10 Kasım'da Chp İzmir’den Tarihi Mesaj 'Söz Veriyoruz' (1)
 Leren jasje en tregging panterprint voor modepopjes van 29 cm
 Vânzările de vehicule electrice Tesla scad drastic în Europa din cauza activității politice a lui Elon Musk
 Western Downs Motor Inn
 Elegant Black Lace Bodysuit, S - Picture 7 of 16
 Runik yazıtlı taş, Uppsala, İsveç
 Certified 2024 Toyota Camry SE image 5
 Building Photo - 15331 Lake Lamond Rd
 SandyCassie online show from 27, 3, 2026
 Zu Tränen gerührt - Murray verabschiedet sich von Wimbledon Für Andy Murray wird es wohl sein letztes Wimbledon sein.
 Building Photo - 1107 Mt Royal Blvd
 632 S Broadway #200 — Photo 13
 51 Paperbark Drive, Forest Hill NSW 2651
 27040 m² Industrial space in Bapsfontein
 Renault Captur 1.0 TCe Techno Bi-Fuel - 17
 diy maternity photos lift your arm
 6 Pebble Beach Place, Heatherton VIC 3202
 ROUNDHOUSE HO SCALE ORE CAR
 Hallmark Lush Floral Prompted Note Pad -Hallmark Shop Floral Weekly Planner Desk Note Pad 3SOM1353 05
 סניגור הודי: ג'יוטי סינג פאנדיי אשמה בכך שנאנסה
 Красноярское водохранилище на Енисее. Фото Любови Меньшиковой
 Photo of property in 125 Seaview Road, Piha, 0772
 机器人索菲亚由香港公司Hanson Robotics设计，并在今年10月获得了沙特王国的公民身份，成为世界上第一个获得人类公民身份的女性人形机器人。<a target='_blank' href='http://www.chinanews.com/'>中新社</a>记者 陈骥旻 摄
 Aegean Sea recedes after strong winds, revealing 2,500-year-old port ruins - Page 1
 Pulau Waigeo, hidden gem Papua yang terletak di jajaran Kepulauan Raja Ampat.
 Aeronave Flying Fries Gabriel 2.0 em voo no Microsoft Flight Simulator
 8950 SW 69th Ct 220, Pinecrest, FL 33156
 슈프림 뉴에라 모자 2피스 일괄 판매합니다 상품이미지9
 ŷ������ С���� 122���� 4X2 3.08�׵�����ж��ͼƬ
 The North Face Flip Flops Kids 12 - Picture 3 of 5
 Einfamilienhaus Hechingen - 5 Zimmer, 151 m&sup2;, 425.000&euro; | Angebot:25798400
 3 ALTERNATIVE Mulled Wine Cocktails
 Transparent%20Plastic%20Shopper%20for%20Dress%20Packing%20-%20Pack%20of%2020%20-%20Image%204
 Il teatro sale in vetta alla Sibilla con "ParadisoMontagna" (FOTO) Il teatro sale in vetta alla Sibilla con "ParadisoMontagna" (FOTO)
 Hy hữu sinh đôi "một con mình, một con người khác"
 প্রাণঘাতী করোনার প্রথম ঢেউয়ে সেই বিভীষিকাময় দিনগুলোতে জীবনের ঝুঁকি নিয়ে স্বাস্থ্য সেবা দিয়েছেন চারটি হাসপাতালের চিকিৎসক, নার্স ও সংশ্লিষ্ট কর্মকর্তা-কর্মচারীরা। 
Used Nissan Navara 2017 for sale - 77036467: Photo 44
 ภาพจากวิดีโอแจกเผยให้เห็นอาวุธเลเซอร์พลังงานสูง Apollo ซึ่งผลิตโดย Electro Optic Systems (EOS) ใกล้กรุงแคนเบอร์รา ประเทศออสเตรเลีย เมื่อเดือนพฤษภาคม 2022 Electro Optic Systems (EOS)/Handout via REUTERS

───

Please set down each of the entries above exactly as given.

10 Kasım'da Chp İzmir’den Tarihi Mesaj 'Söz Veriyoruz' (1)
 Leren jasje en tregging panterprint voor modepopjes van 29 cm
 Vânzările de vehicule electrice Tesla scad drastic în Europa din cauza activității politice a lui Elon Musk
 Western Downs Motor Inn
 Elegant Black Lace Bodysuit, S - Picture 7 of 16
 Runik yazıtlı taş, Uppsala, İsveç
 Certified 2024 Toyota Camry SE image 5
 Building Photo - 15331 Lake Lamond Rd
 SandyCassie online show from 27, 3, 2026
 Zu Tränen gerührt - Murray verabschiedet sich von Wimbledon Für Andy Murray wird es wohl sein letztes Wimbledon sein.
 Building Photo - 1107 Mt Royal Blvd
 632 S Broadway #200 — Photo 13
 51 Paperbark Drive, Forest Hill NSW 2651
 27040 m² Industrial space in Bapsfontein
 Renault Captur 1.0 TCe Techno Bi-Fuel - 17
 diy maternity photos lift your arm
 6 Pebble Beach Place, Heatherton VIC 3202
 ROUNDHOUSE HO SCALE ORE CAR
 Hallmark Lush Floral Prompted Note Pad -Hallmark Shop Floral Weekly Planner Desk Note Pad 3SOM1353 05
 סניגור הודי: ג'יוטי סינג פאנדיי אשמה בכך שנאנסה
 Красноярское водохранилище на Енисее. Фото Любови Меньшиковой
 Photo of property in 125 Seaview Road, Piha, 0772
 机器人索菲亚由香港公司Hanson Robotics设计，并在今年10月获得了沙特王国的公民身份，成为世界上第一个获得人类公民身份的女性人形机器人。<a target='_blank' href='http://www.chinanews.com/'>中新社</a>记者 陈骥旻 摄
 Aegean Sea recedes after strong winds, revealing 2,500-year-old port ruins - Page 1
 Pulau Waigeo, hidden gem Papua yang terletak di jajaran Kepulauan Raja Ampat.
 Aeronave Flying Fries Gabriel 2.0 em voo no Microsoft Flight Simulator
 8950 SW 69th Ct 220, Pinecrest, FL 33156
 슈프림 뉴에라 모자 2피스 일괄 판매합니다 상품이미지9
 ŷ������ С���� 122���� 4X2 3.08�׵�����ж��ͼƬ
 The North Face Flip Flops Kids 12 - Picture 3 of 5
 Einfamilienhaus Hechingen - 5 Zimmer, 151 m&sup2;, 425.000&euro; | Angebot:25798400
 3 ALTERNATIVE Mulled Wine Cocktails
 Transparent%20Plastic%20Shopper%20for%20Dress%20Packing%20-%20Pack%20of%2020%20-%20Image%204
 Il teatro sale in vetta alla Sibilla con "ParadisoMontagna" (FOTO) Il teatro sale in vetta alla Sibilla con "ParadisoMontagna" (FOTO)
 Hy hữu sinh đôi "một con mình, một con người khác"
 প্রাণঘাতী করোনার প্রথম ঢেউয়ে সেই বিভীষিকাময় দিনগুলোতে জীবনের ঝুঁকি নিয়ে স্বাস্থ্য সেবা দিয়েছেন চারটি হাসপাতালের চিকিৎসক, নার্স ও সংশ্লিষ্ট কর্মকর্তা-কর্মচারীরা। 
Used Nissan Navara 2017 for sale - 77036467: Photo 44
 ภาพจากวิดีโอแจกเผยให้เห็นอาวุธเลเซอร์พลังงานสูง Apollo ซึ่งผลิตโดย Electro Optic Systems (EOS) ใกล้กรุงแคนเบอร์รา ประเทศออสเตรเลีย เมื่อเดือนพฤษภาคม 2022 Electro Optic Systems (EOS)/Handout via REUTERS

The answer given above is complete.